Dataset items:
——

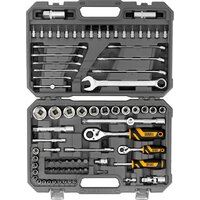 Универсальный набор инструментов Denzel 15809 (82 предмета) - Превью изображения №3 — Интернет-магазин Time-Shop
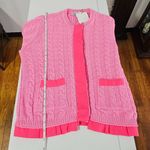 ZARA  Cable Knit Cardigan -Bubblegum pink/Hot pink - Women's Size M -6427/038/630 Photo 6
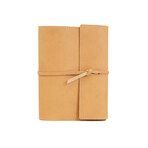 Writers Log // Large Refillable Leather Notebook (Dark Brown)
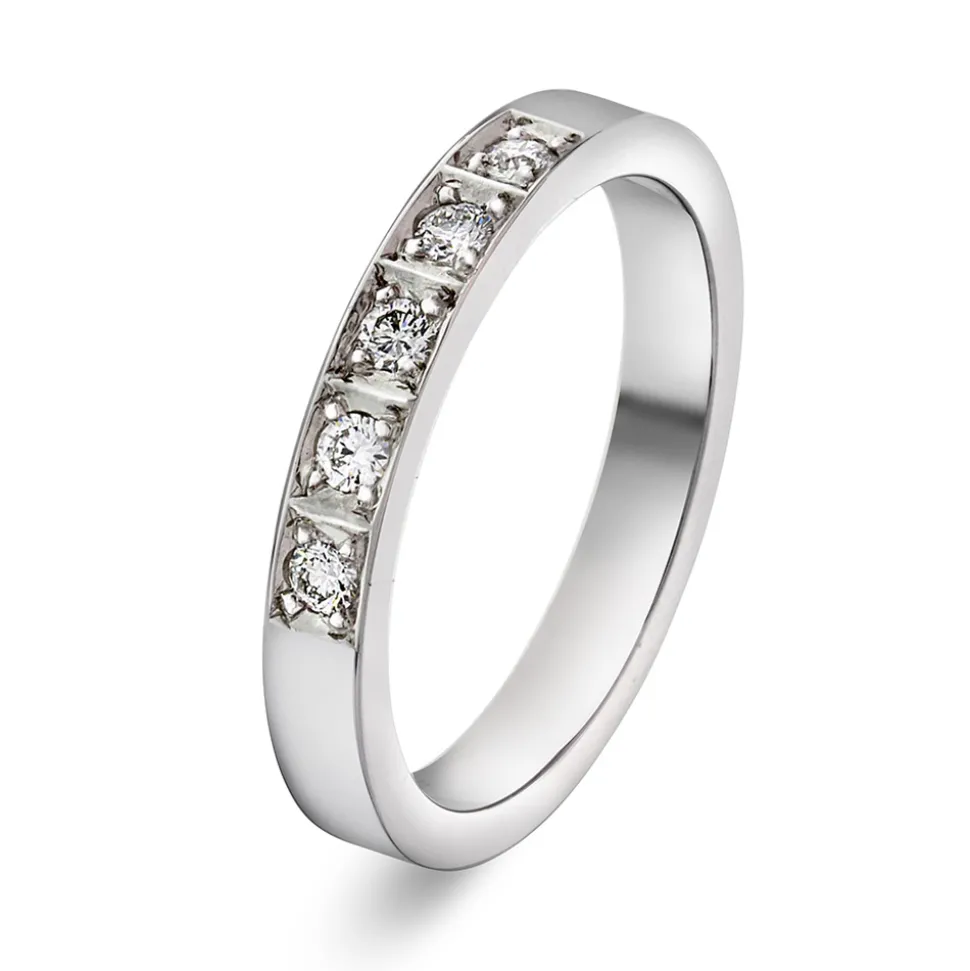 NC Christophersen – Delta alliansering i hvitt gull med 0,15 ct diamanter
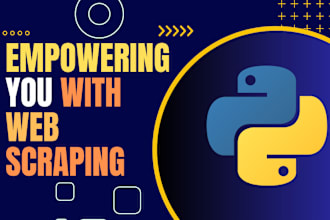 do python web scraping, data scraping, data mining, web scraper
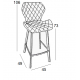 Σκαμπό Μπάρ 2τμχ Martin 73εκ. Γκρί Ύφασμα 45x49x73-106εκ.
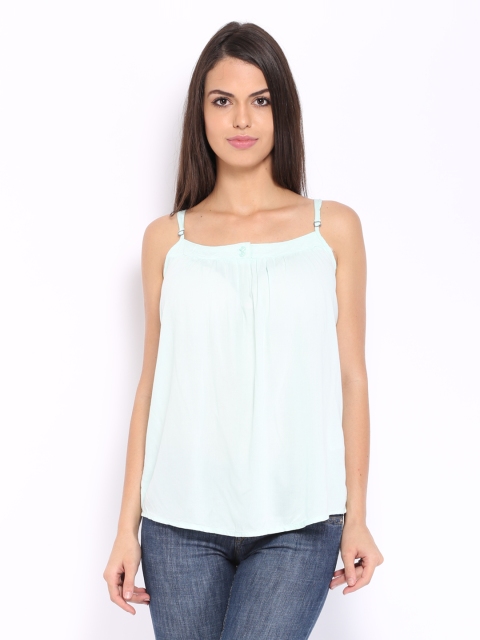 

ONLY Women Light Green A-Line Top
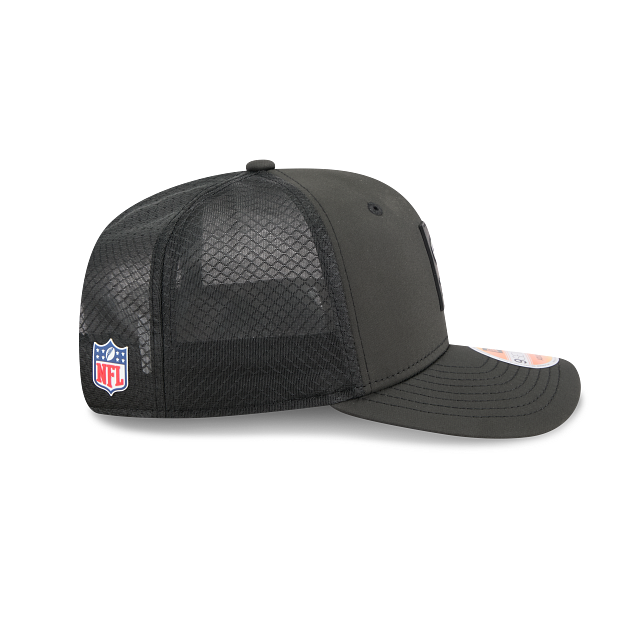 New York Jets NFL New Era Men Charcoal 9Seventy 2025 Sideline Hot Weather Trucker Snapback product image 4, provided for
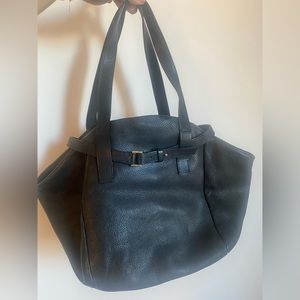 Marni black leather tote
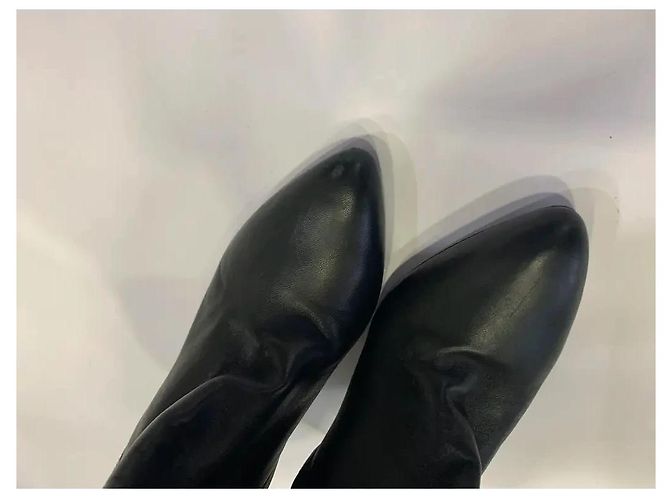 Stivali Fetish Saint Laurent in pelle nera sopra il ginocchio Nero - vista 6
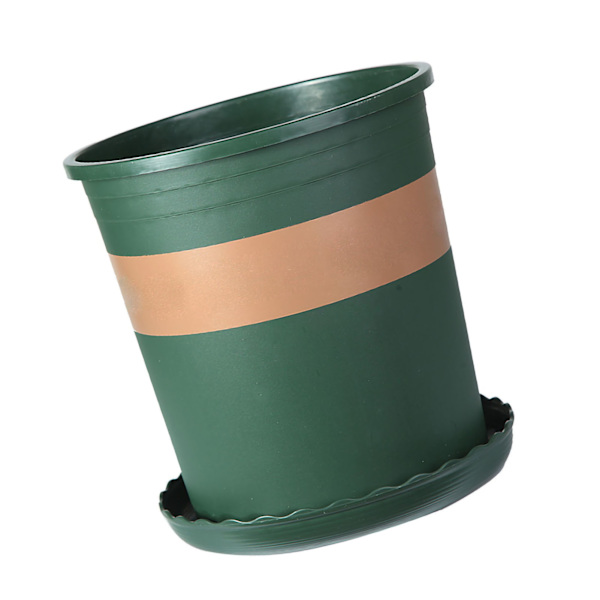 Plantepotte Gallon Potte PP Multifunksjonell Rund Planting Plante Transplantasjon Perforert Plastblomsterpotte Grønn Potte 5 Gallon 11.02x12.20x8.66in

——

- _PROBLEM TO SOLVE_:
Please copy, exactly as written, the lines from the one that contains "ONLY Women Light Green A-Line Top" through the end of the records, both ends included. Do not include the pictures.

- _ANSWER TO THIS PROBLEM_:
ONLY Women Light Green A-Line Top
 New York Jets NFL New Era Men Charcoal 9Seventy 2025 Sideline Hot Weather Trucker Snapback product image 4, provided for
 Marni black leather tote
 Stivali Fetish Saint Laurent in pelle nera sopra il ginocchio Nero - vista 6
 Plantepotte Gallon Potte PP Multifunksjonell Rund Planting Plante Transplantasjon Perforert Plastblomsterpotte Grønn Potte 5 Gallon 11.02x12.20x8.66in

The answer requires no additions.